1 Introduction

Isolated amplifiers are essential building blocks in systems that require galvanic isolation for electrical isolation of two parts of a circuit. Good examples of systems that require galvanic isolation are high-voltage DC/DC converters, motor drives, hybrid electric vehicle (HEV) and electric vehicles (EV) traction inverters. Most commonly, isolated amplifiers sense current or voltage and transfer this information to the controller across the galvanic isolation barrier. Isolated amplifiers are similar to delta-sigma modulators in function; however, the output of the isolated amplifier is analog, whereas the output of the modulator is a digital signal. Many systems and engineers benefit from the analog output, as the system implementation and testing are generally better understood and do not require assistance from a microcontroller (MCU).

Typically, the output of the isolated amplifier interfaces with a SAR ADC.

The SAR ADC is the most common type present in MCUs. The resolution ranges from 10-b for low-cost to 16-b for high-end microcontrollers. A critical aspect of this implementation is that the SAR ADC's sample-and-hold (S/H) circuit momentarily disrupts the analog signal chain during data acquisition. MCUs have multiple analog inputs but only one, two, or three ADC blocks. For this reason, analog inputs share the ADC through the analog multiplexer. The multiplexed system makes things more difficult because the C_SH capacitor is typically not reset and therefore remembers the state of the previous channel. Figure 1-1 shows a simplified diagram as an example.

Analog amplifiers have two possible output types.

Differential output (Figure 1-2) is a preferred choice for systems where the physical distance between the isolated amplifier and the ADC is long or passes through connectors. The information carried to the controller is the voltage difference between two complementary outputs, not the absolute value with regard to the common ground. For this reason, this output effectively suppresses common-mode noise that can intrude the circuit between the ADC and the isolated amplifier. The drawback is that many ADCs cannot work directly with the differential signaling. In this case there is a differential-to-single-ended conversion in close proximity to the ADC. The difference amplifier converts the signal for the ADC but introduces additional measurement errors and increases the system complexity.
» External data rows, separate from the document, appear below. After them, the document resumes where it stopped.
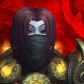 Embrosia avatar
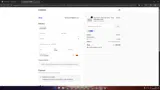 CAT10 coupon verification screenshot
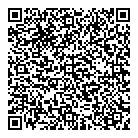 QR код "Miss CHIC Kids"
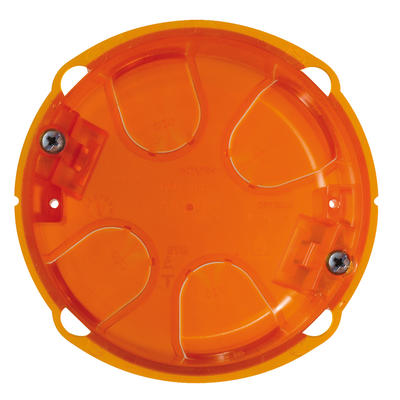 BATIBOX MULTIMATERIAUX-80X50MM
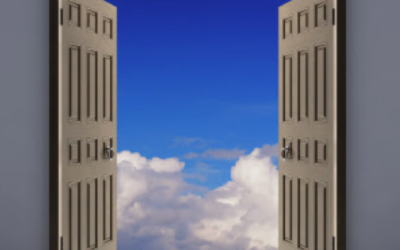 Does “The Vision Thing” Work?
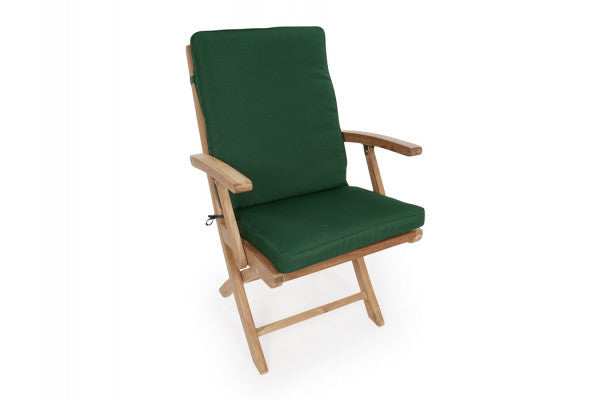 Cambridge Universal Cushion – 47x98 cm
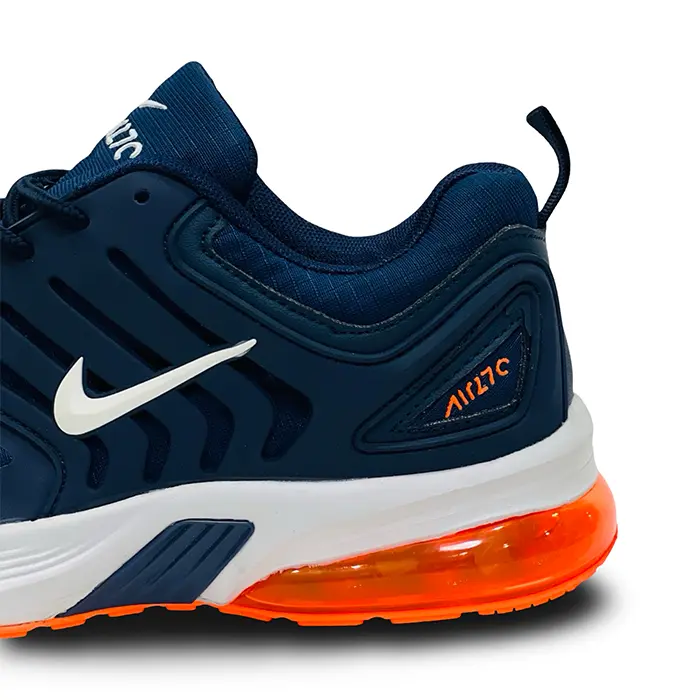 Nk Air 270 – M251Kicks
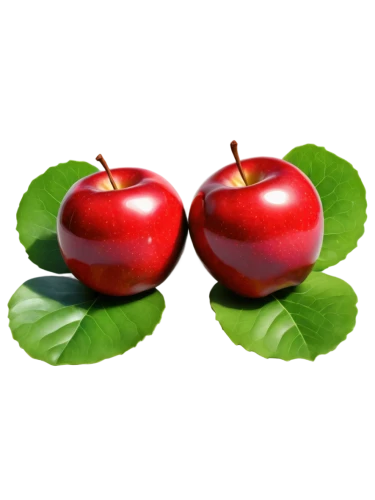apple pair,red apples,apple pie vector,apples,jewish cherries,bladder cherry,cherries,rowanberries,cherry plum,cherries in a bowl,great cherry,grape seed extract,greed,apple icon,crabapple,apple logo,european plum,wild apple,sweet cherries,crab apple,Illustration,Paper based,Paper Based 08
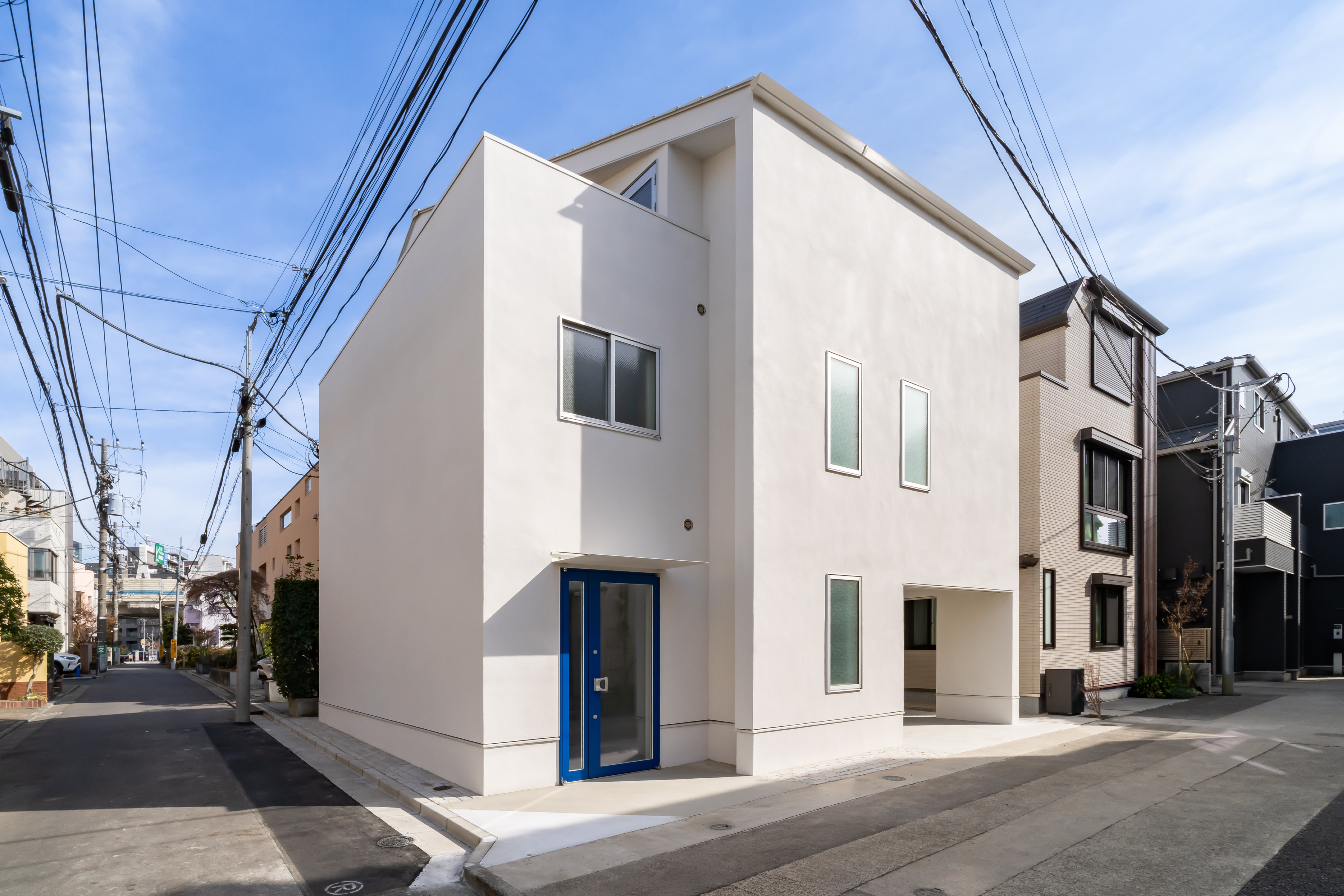 ギャラリー画像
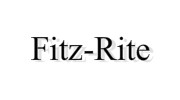 Fitz-Rite Home Improvement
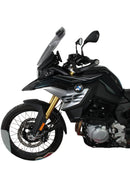 BMW F 850 ​​GS [2018-2020] -varioiotouringsscreen "VTM"-3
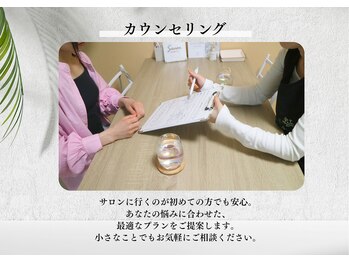 ヨサパーク サノン(YOSA PARK Sanon)/ よもぎ蒸し/痩身/リンパ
Single-ended output (Figure 1-3) interfaces directly with the ADC and does not require a difference amplifier. Typically, this device has a reference voltage input (REFIN) to add an offset to the output (OUT) or set the gain. This is easier to implement but this configuration cannot reject the common-mode noise. For this reason, this type of output is a preferred design for situations where the distance between the ADC and the isolated amplifier is relatively short (<10cm), or performance degradation due to the common mode noise is acceptable.

For both types, the engineer must understand very well how the sampling process works to avoid AC and DC signal chain performance loss.